Every line in the data below that includes "view" belongs in the answer, copied as it stands.

□ □ □ □

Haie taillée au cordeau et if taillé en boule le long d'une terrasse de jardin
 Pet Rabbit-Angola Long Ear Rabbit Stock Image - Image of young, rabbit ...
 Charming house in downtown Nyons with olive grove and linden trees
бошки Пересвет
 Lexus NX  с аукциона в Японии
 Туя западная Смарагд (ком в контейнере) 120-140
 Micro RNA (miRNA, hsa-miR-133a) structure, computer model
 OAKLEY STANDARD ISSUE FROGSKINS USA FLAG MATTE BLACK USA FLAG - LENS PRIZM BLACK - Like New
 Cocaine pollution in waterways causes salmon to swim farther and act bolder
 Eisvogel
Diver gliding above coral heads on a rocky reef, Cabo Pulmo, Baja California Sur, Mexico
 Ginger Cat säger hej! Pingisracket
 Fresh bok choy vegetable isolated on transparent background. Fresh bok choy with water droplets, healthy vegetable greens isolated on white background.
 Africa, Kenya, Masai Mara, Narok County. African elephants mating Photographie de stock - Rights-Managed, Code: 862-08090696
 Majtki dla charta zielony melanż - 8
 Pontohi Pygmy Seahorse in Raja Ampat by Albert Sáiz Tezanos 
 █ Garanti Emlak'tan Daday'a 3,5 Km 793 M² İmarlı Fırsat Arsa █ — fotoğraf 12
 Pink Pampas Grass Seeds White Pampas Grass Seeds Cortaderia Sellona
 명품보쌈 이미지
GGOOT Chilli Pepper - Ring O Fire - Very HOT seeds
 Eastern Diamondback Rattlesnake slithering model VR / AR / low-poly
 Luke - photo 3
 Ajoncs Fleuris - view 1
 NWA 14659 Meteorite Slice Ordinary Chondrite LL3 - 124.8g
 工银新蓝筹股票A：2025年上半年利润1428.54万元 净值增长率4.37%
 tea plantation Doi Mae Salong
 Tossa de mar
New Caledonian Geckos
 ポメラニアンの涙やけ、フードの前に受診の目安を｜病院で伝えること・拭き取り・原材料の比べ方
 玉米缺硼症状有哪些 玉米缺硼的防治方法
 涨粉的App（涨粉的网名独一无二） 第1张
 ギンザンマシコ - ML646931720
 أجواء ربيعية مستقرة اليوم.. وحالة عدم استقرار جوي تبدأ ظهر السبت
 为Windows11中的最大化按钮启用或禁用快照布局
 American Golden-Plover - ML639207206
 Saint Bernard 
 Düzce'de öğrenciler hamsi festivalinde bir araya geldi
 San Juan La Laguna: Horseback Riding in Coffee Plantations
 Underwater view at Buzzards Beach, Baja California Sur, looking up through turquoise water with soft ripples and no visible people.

□ □ □ □

* [Final answer]
 Ajoncs Fleuris - view 1
 Underwater view at Buzzards Beach, Baja California Sur, looking up through turquoise water with soft ripples and no visible people.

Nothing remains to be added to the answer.